The immediate area along this coastal road has already been logged, but the procedure is that they need approval to take an "x" percentage of the various species, and leaving other trees intact. Just a little off these roads and logging side roads, there is just forest.
Close to Kribi, along this road, there are many small beaches, each named after French seaside resorts, such as Boulogne, Cannes, etc. These are small enclosed beaches which are private property even though you won't see many houses or hostels as soon as you get further from town.
On this road, we saw just a couple of huge logging trailers of which you wonder how they can drive this road! Back in Kribi we spent most of the time with Jo's relatives.
One morning we visited one of the mayors of a subdivision of Kribi at his home. He was the highest ranked official we would meet. But more so, an important relative, and that translated in the type of whiskey. In his house, which is also the office, we were kindly invited to have some of it with the family. We justified ourselves at this time of the morning with the excuse that this was not early-morning-drinking. Of course not; this was just a dégustation!
North of the city, about 25 kilometers from Kribi, is where the station de péage is, the tollway station.
Although the neighbourhoods around Kribi are almost all built along non-paved roads, some of the houses are actually beautiful, especially those that have been built by people who live or have lived abroad.
One evening we were driving through the town center, and there was one shop (the Paco Rabanne shop) that had red and purple lights on, and in front were three tall ladies in sexy dresses, two of them white, one brown. That first night I could only guess this was the local red light district. The next day, when we went to the "boulangerie" opposite of it, I saw that these ladies were actually plastic dressing models, and that the shop was not a brothel, but the local version of a Paco Rabanne brand ladies wear shop. You see how biased one can be, coming from Holland, having Amsterdam in mind?
On the Saturday, we finally spent some time strolling the main road and the market, and sitting with a cold beer.
I had no idea what to expect, except that it had to be hot and sweaty. Big was my surprise when we entered into a modern, airconditioned club, where the local African music made it difficult not to get on the floor. It was crowded with many young and also not-so-young people.

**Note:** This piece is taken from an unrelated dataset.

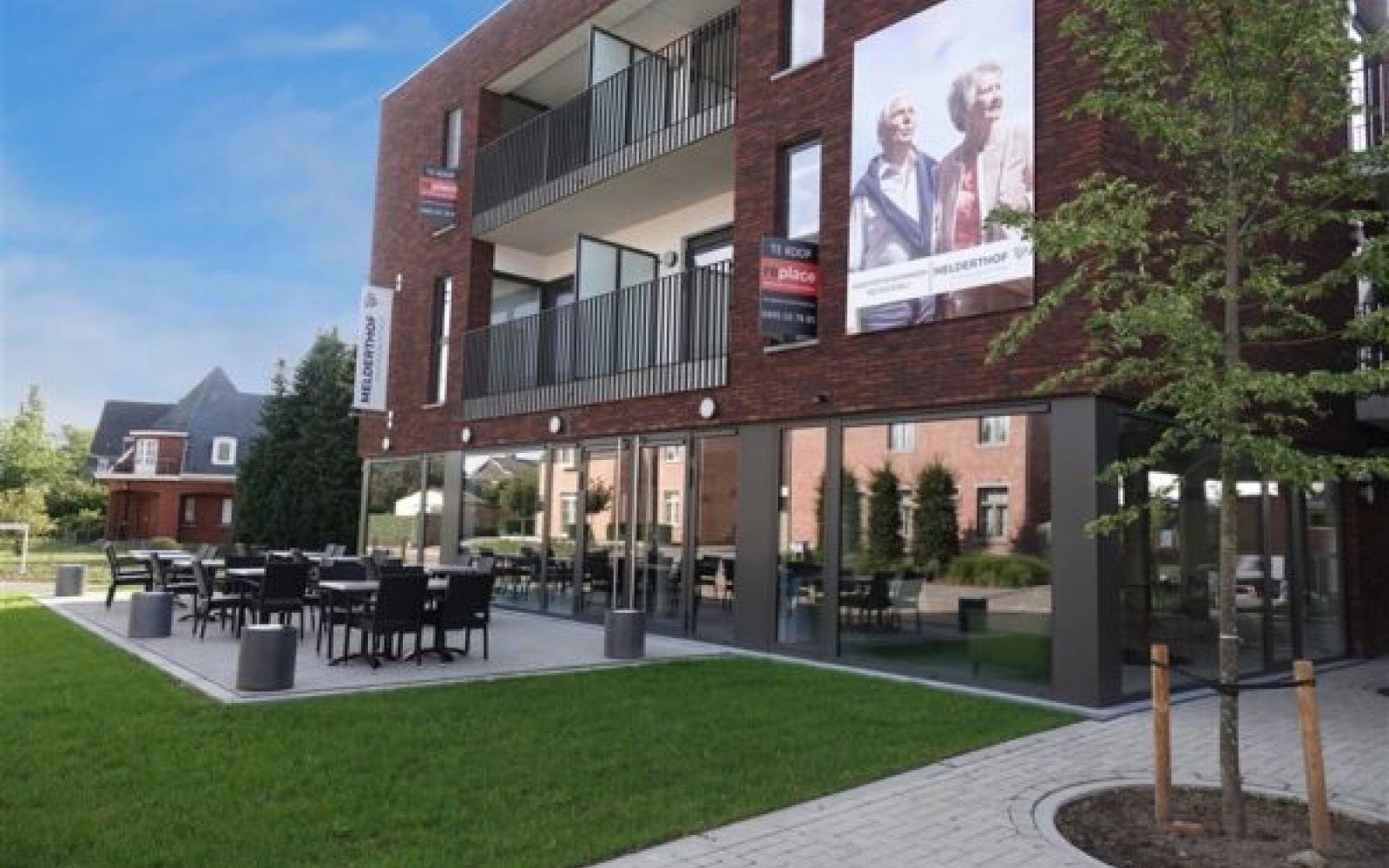 Melderthof Assistentiewoningen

The ambiance and furniture and lighting was surprisingly luxurious. It turned out that this was just one of the two clubs. This one was full with people, the other one (where we went to have a look) was completely empty, but also modern and luxurious. But because there was literally nobody there, we did not stay and went back to the olther one immediately.

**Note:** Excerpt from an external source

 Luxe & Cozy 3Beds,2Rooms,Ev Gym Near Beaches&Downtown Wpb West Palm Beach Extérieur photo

In the back of the club, the wall was one big mirror, and many of the people very much liked to see themselves dancing. The rythm was really infectuous. One of the ladies was different from the others. She danced more wildly and was laughing and screaming in a somewhat eery way. She seemed to live in her own world. One of the guys told me that she definitely was one! I asked: "she is one of what?" They explained to me that she was a siren, a mermaid, Mami Wata! "See", he said, "she has no feet". He sounded so convincing, and I could see no feet really (because of her dress) that I believed him, of course. Sirens are an important phenomenon of the Kribi / Grand Batanga area, because in May there is the Grand Fête de la Syrène in Grand Batanga.
Still impressed that I had seen my first siren, we suddenly found out that it was already almost morning. The club was closing and we headed back to the resort. We had had a great time... and this was a nice final to my short stay in Kribi.